Since Reason and Intuition are the latest products of evolution, perhaps the best way to understand what they are and how they work is to trace the outstanding steps by which they gradually developed. Let us start at the beginning with the energy of the spiritual ego striving to realize that function in the Cosmic Plan for which God called it into being, which is the driving force behind every soul. We will follow through to the present manifestation of Reason and Intuition in the human form.

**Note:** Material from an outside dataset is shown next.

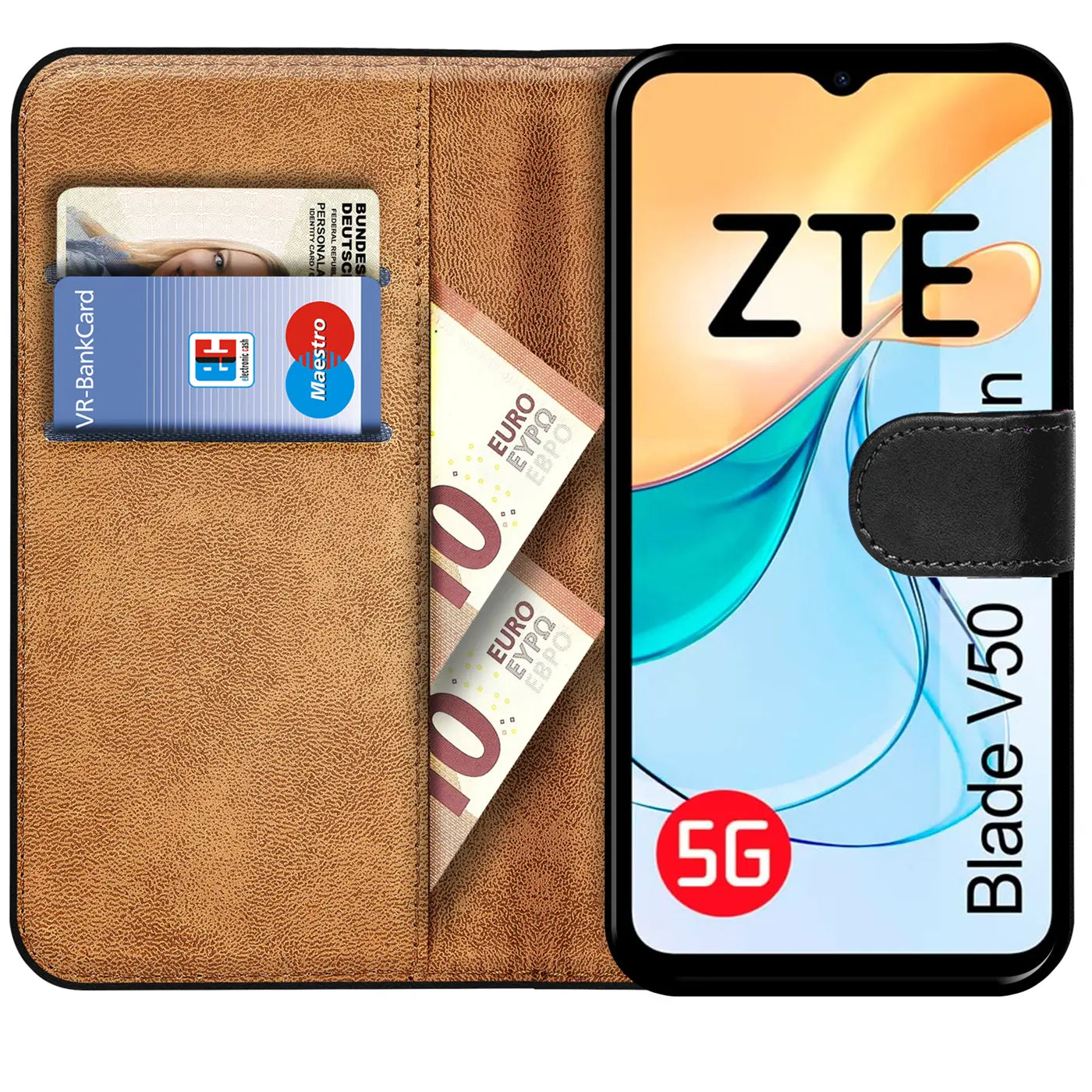 Braune Kunstleder-Klapphülle mit Kartenfächern, zeigt ZTE Blade V50 Design 5G.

All life-forms manifest the urge to fill in their individual blueprint as the struggle to survive and to be something. The desire for "significance" is the oldest of all the impulses with which the Creator endows the soul. The thought elements built into the desire body by experiences, which give additional energy to this most deep seated of all tendencies, are called "power elements." These power elements, in their expression, produce two primeval desires of opposite polarity, just as the ego evolves a positive and negative soul. In our physical universe, positive and negative charges of electricity, such as protons and electrons, are the building blocks of which all the elements of matter are composed.

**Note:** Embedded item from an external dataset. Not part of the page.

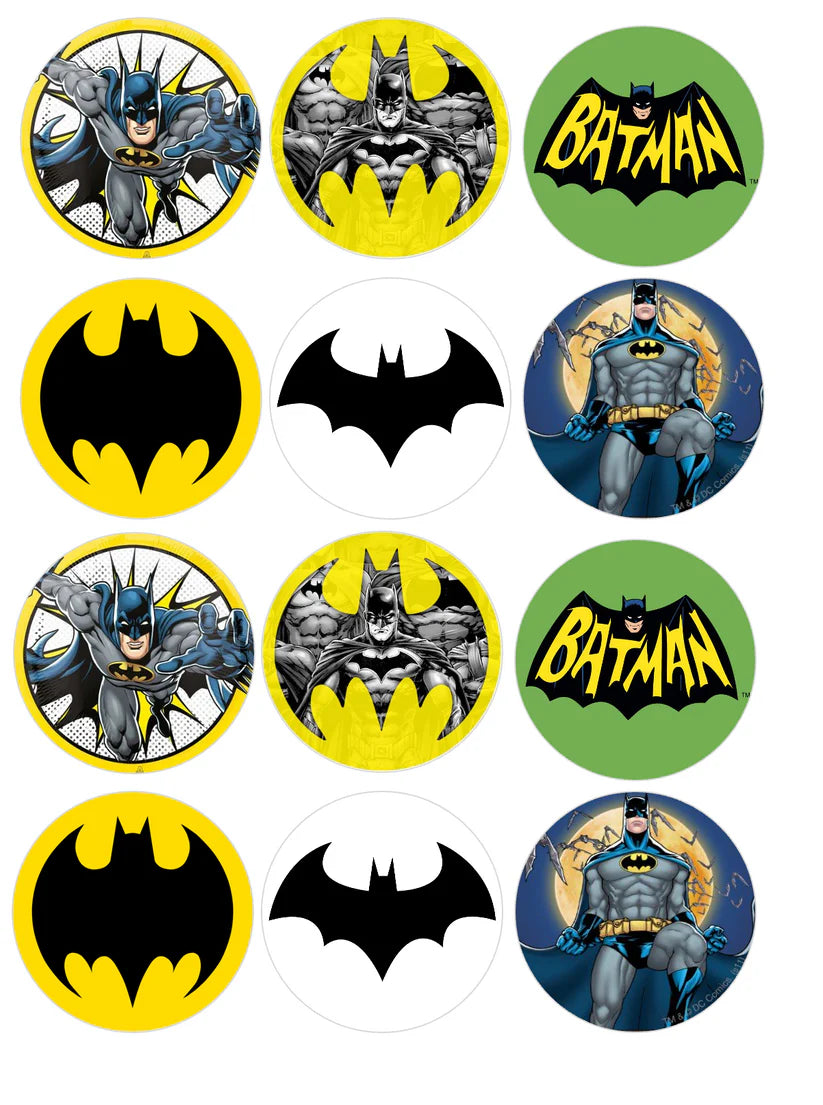 Batman Edible Cupcake Toppers Icing Sheet or Wafer Paper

Early experimental work in psychology has determined that the unconscious mind of man will give up life, or even sacrifice his offspring, rather than consider himself inferior. Nevertheless love of life and the impulse to perpetuate that life is so strongly built into the desire body as a part of itself, that is, as an essential portion of the thought elements of which it is composed, that is impossible to suppress their energy.

Three hereditary drives motivate every person, and all lower forms of life: The drive for significance, sometimes called the "will to power," the drive for "race preservation," and the drive for "self-preservation."

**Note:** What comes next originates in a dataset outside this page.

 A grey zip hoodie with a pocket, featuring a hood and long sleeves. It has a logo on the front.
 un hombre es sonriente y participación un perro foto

The drive for significance is the original source of energy, behind all the elemental thoughts of which the desire body is composed. Still, the reproductive and nutritive drives enter their construction, even as protons and electrons enter the construction of all matter. We say they are hereditary because every living creature is born with them. The soul has acquired them throughout its past stages, coincident with those processes that built up the desire body form.

We each encompass ten families of reproductive and nutritive desires: Power elements, domestic elements, intellectual elements, social elements, aggressive elements, religious elements, safety elements, individualistic elements, utopian elements, and universal welfare elements. Think for a moment of the underlying law that determines how experiences combine in the unconscious mind that enables it, when the process has evolved sufficiently, to express Reason and Intuition.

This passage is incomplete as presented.